G urney salió a las 11.30 del día siguiente hacia su reunión con Simon Kale, lo que le dejaba poco más de una hora para el viaje a Cooperstown. Por el camino se tomó casi medio litro de café de la mezcla especial de la casa de Abelard’s y, cuando el lago Otsego apareció a la vista, ya se sentía lo bastante despierto para tomar nota del clima clásico de septiembre, el cielo azul, los arces enrojecidos.

Su GPS lo guio a través de la orilla oeste, a la sombra de las cicutas del lago, hasta una pequeña casa colonial con su propia península de dos mil metros cuadrados. Las puertas abiertas del garaje revelaron un Miata verde brillante y un Volvo negro. Había un Volkswagen escarabajo rojo, aparcado al borde del sendero, lejos del garaje. Gurney aparcó justo detrás cuando un elegante hombre de cabello gris salía del garaje sujetando un par de bolsas grandes de lona.

– ¿Detective Gurney, supongo?

– ¿Doctor Kale?

– Exacto.

Sonrió como por obligación y lo dirigió hacia un sendero de losas que conducía desde el garaje a la entrada lateral de la vivenda. La puerta estaba abierta. Dentro, la casa parecía muy vieja, pero meticulosamente cuidada, con los techos bajos para conservar el calor y vigas talladas a mano típicas del siglo XVIII. Estaban de pie en medio de la cocina donde destacaba una enorme chimenea, así como con un horno de gas de cromo y esmalte de la década de los treinta. Desde otra habitación llegaban los compases inconfundibles de Amazing Grace interpretada con una flauta.

Kale dejó las bolsas en la mesa. Tenían el logo de la Adirondack Symphony Orchestra impreso. En una de ellas sobresalían hojas de verduras y rebanadas de pan francés; en la otra, botellas de vino.

– Los ingredientes de la cena. Me han enviado de caza y recolecta-dijo con cierta arrogancia-. Yo no voy a cocinar. Mi compañero, Adrian, es chef y flautista.

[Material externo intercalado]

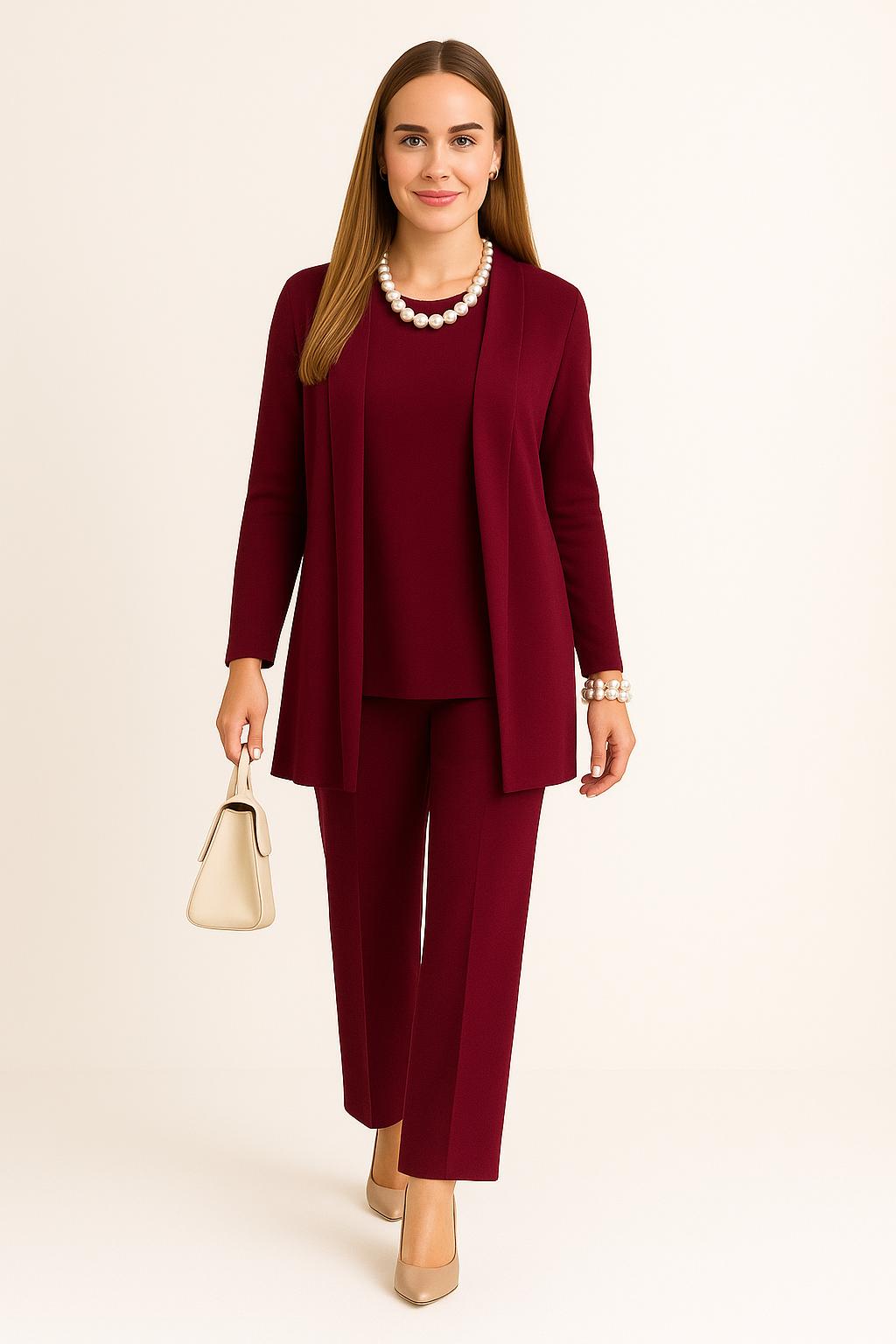 Valeria™ | Ensemble Cardigan, Pull &amp; Pantalon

– ¿Es eso…?-empezó Gurney, inclinando la cabeza en la dirección de la tenue melodía.

– No, no, Adrian toca mucho mejor. Ese debe de ser su estudiante de las doce, el del escarabajo.

– ¿El…?

– El coche de fuera, el aparcado delante del suyo, el rojo

– Ah-dijo Gurney-. Por supuesto. Lo cual deja el Volvo para usted y el Miata para su compañero.

– ¿Está seguro de que no es al revés?

– No creo.

– Interesante. ¿Qué es exactamente lo que hay en mí que le sugiere Volvo?

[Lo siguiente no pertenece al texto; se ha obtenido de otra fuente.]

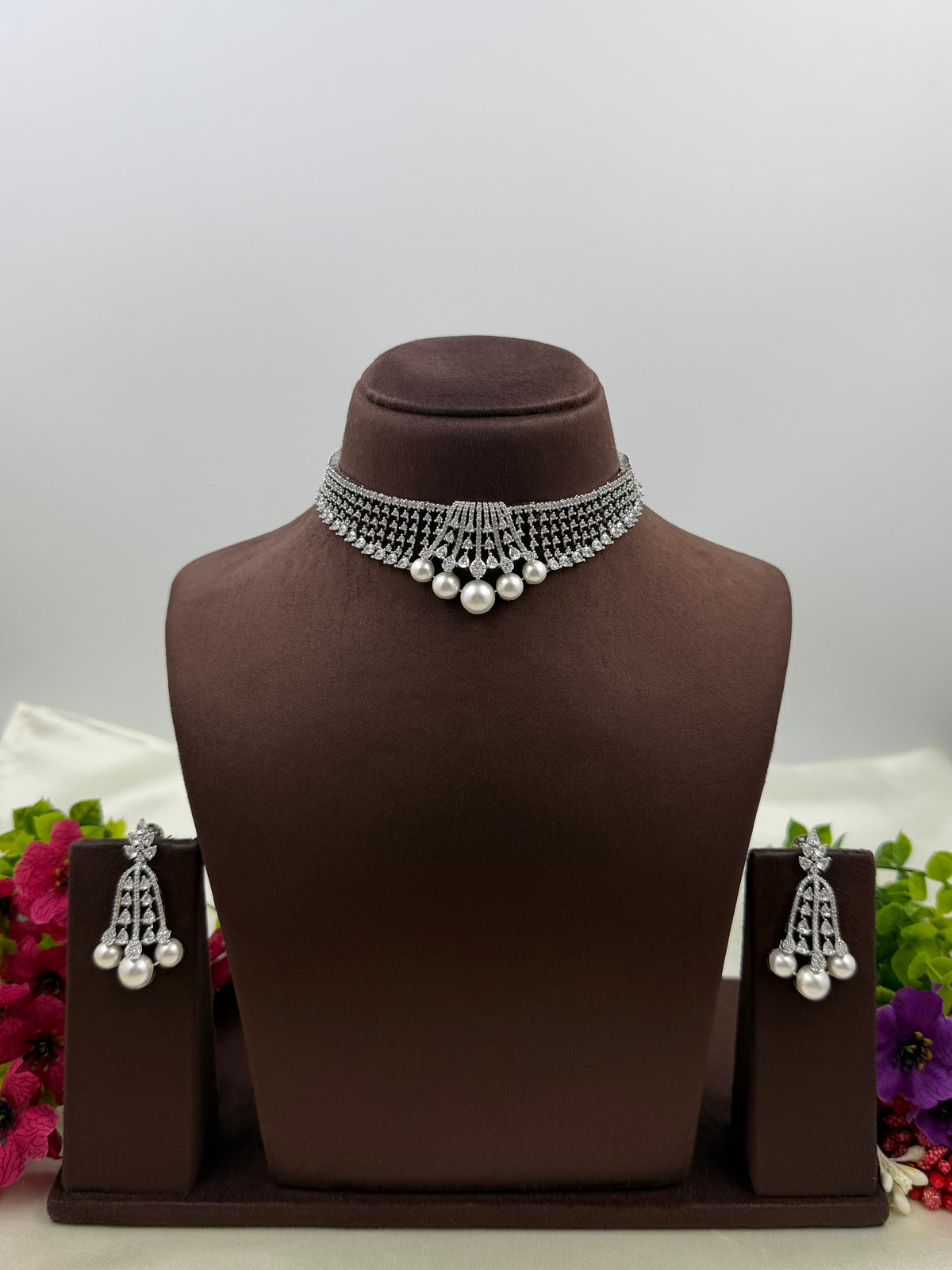 Sophia American Diamond Choker Set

– Cuando ha salido del garaje, ha salido por el lado del Volvo. Kale emitió un agudo cacareo.

– ¿Así que no es clarividente?

– Lo dudo.

– ¿Quiere un té? ¿No? Entonces acompáñeme al salón.

El salón resultó ser una pequeña estancia contigua a la cocina. Dos sillones con tapicería floral, dos cojines acolchados también con motivos florales, una mesita de té, una librería y una pequeña estufa de leña esmaltada en rojo llenaban el espacio. Kale le indicó a Gurney uno de los sillones y se sentó en el otro.

– Muy bien, detective, ¿cuál es el motivo de su visita?

Gurney se fijó por primera vez en que los ojos de Simon Kale, en contraste con sus modales atolondrados, eran sobrios y calculadores. Ese hombre no sería fácil de engañar o halagar, aunque su desagrado por Ashton, que se había revelado al teléfono, podría ser útil si lo manejaba con cautela.